Blog – Jocelyne Lopez

Gerhard Kemme zur Mathematik und zum Mathematismus

Nachstehend ein Kommentar von Gerhard Kemme zu meiner Anfrage vom 27.06.08 an die Fakultät für Mathematik von 12 deutschen Universitäten, siehe: 2008, Jahr der Mathematik oder des Mathematismus?

Im Jahr der Mathematik 2008 sollte auch etwas Diskussion und eventuell sogar ein Dialog über grundsätzliche Mathematikprobleme erlaubt sein.

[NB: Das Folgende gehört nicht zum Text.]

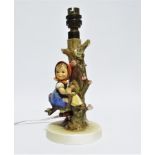 Hummel - a table lamp modelled with a young girl seated amongst branches, height 24cm.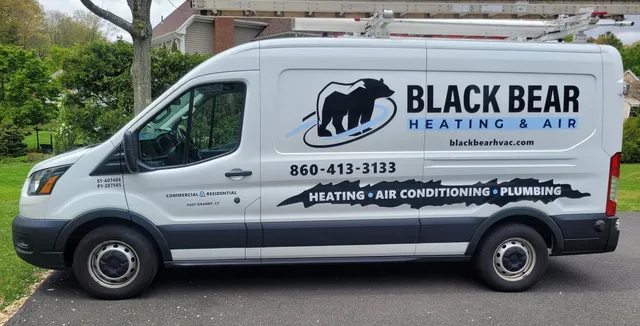 HVAC service vehicle for Black Bear Heating & Air, parked outside East Granby office.
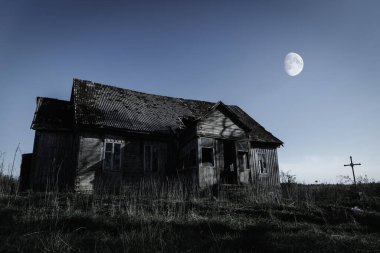 Spooky scene of haunted house and moon.Old mystic building at dead tree.Horror Halloween concept.Toned. clipart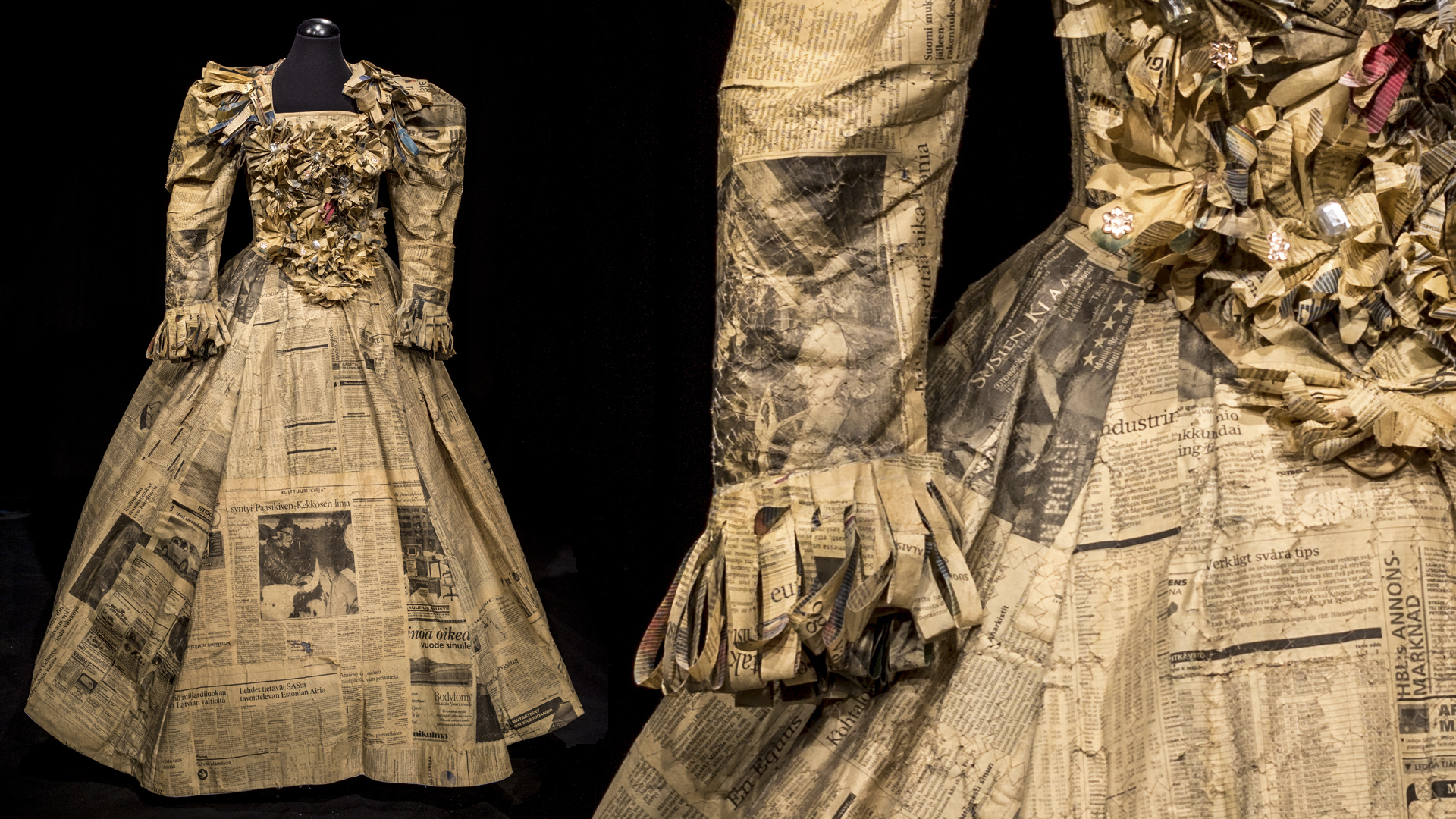Sanomalehtipaperista tehty naisen pitkä- ja leveähelmainen, pitkähihainen puku, jossa sanomalehtiruusukkeita etumuksessa ja rimpsuja hihansuissa. Lähikuvasta näkyy, miten puvun materiaali on valmistettu ompelemalla sanomalehtisivuja ompelukoneen sik-sak-ompeleella kankaaksi.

Es wird die Umsetzung der Mathematik auf physikalische Sachverhalte angesprochen und dabei geht es darum, ob die physikalische Realität durch eine ihr aufgeprägte mathematische Struktur determiniert werden soll oder ob der Grundsatz zu wahren ist, dass der Ausgangpunkt für angewandte Mathematik immer die konkrete Anwendung, in diesem Fall also die physikalische Realität sein sollte.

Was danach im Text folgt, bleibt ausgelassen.